[Dataset section — start]

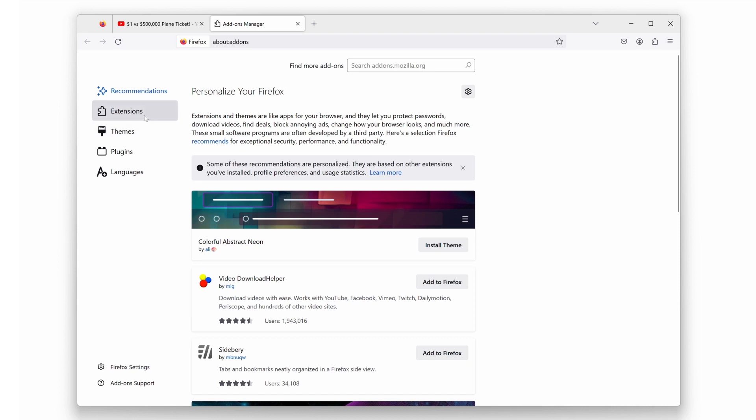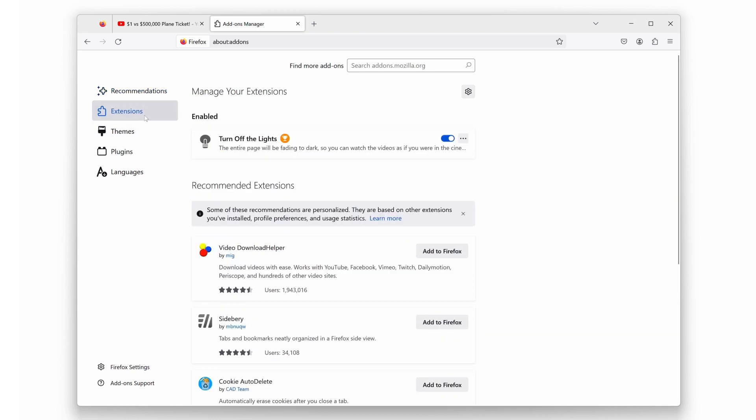Click on the tab Extensions, and you see the Turn Off the Lights Firefox extension in the list.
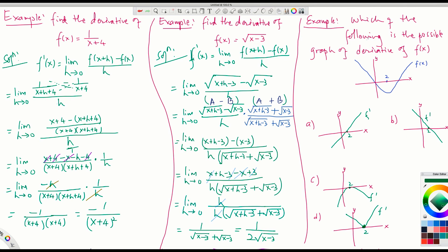Another example: which of the following is the possible graph of the derivative of f(x)? We will look at all these figures for possibility.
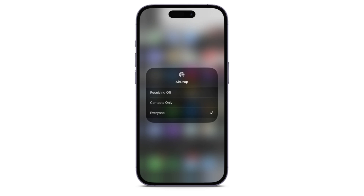From here, you can select whether you want your device to be visible to everyone, which means everyone can send you requests to share pictures or files. Or you can select Contacts Only, or select Receiving Off if you don't want to receive any AirDrop requests from anyone. That's how you can use and share AirDrop on your iPhone.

[Dataset section — finish]

Would you copy out the material above exactly, without the pictures in it?

Click on the tab Extensions, and you see the Turn Off the Lights Firefox extension in the list.
Another example: which of the following is the possible graph of the derivative of f(x)? We will look at all these figures for possibility.
From here, you can select whether you want your device to be visible to everyone, which means everyone can send you requests to share pictures or files. Or you can select Contacts Only, or select Receiving Off if you don't want to receive any AirDrop requests from anyone. That's how you can use and share AirDrop on your iPhone.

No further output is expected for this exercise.